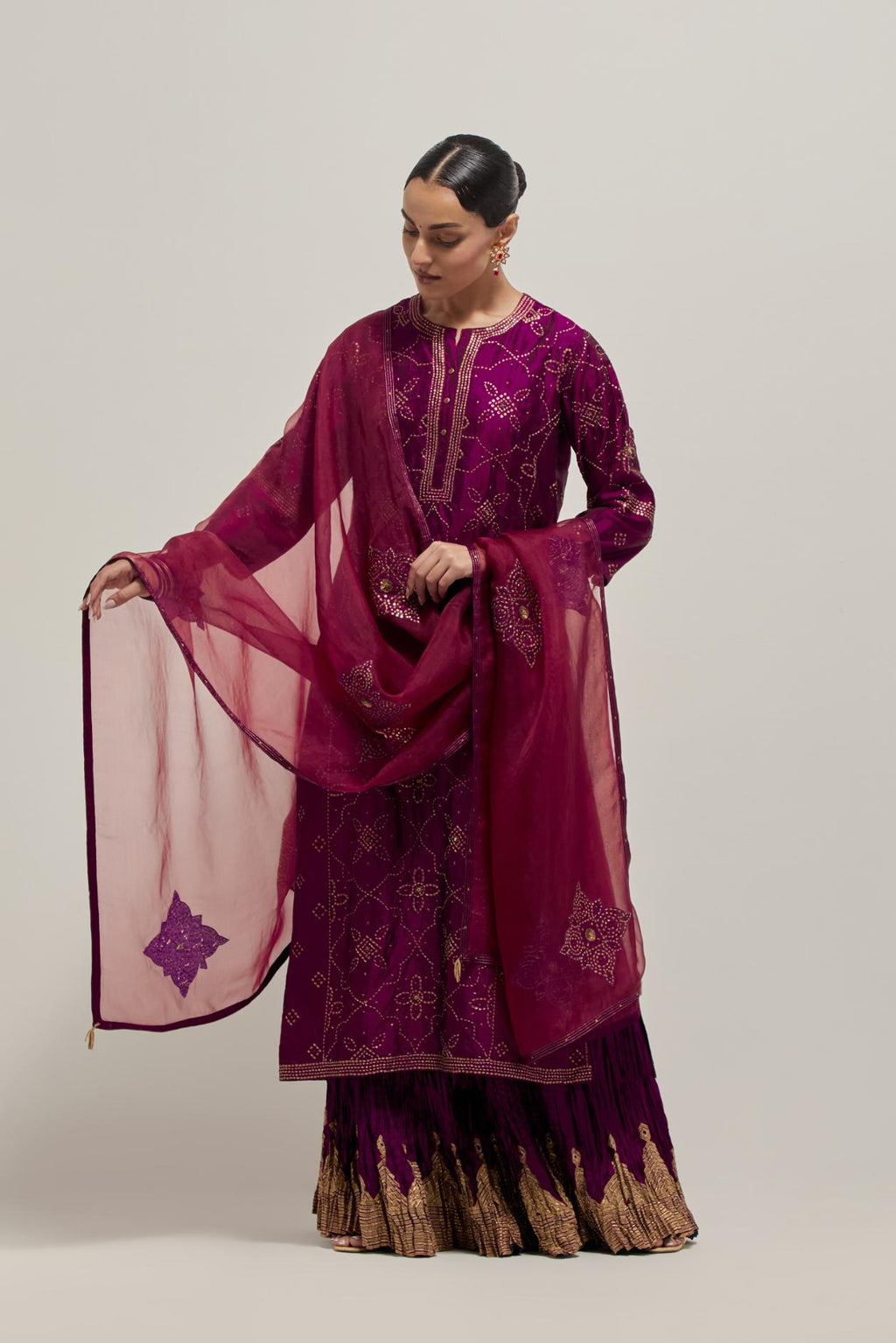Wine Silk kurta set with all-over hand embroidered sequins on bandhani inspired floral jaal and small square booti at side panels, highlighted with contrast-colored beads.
^^^^^^^^^^^^^^^^
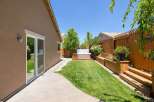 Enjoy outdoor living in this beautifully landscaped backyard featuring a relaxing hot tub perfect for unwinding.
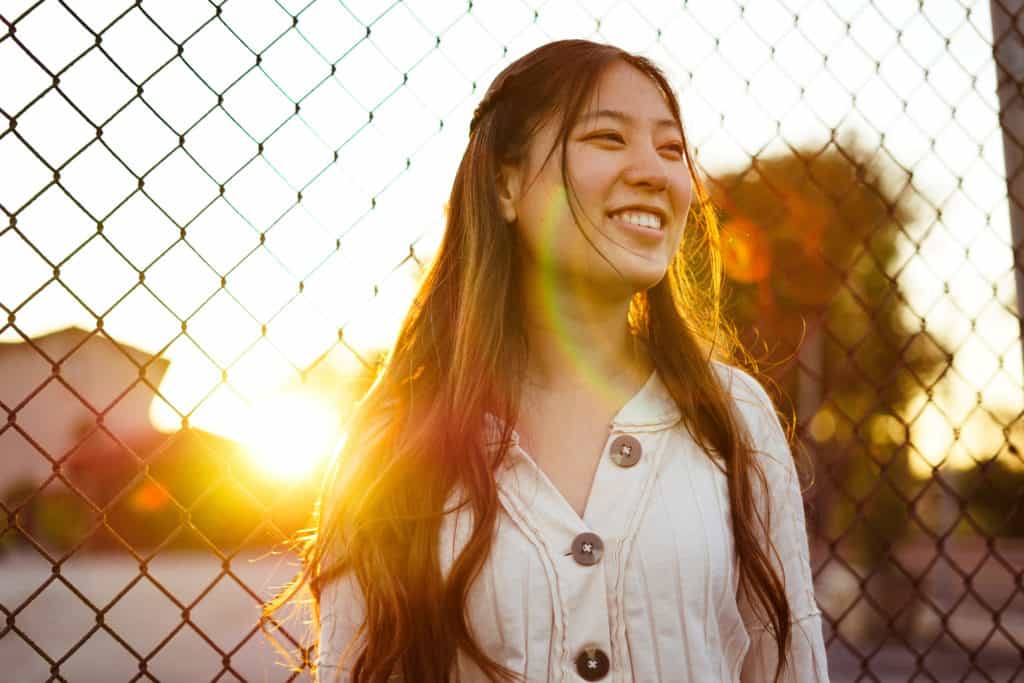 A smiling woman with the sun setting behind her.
^^^^^^^^^^^^^^^^
In the listing above, find the line with "Enjoy outdoor living" and the line with "A smiling woman". Copy exactly those two and every line between, without the pictures.

 Enjoy outdoor living in this beautifully landscaped backyard featuring a relaxing hot tub perfect for unwinding.
 A smiling woman with the sun setting behind her.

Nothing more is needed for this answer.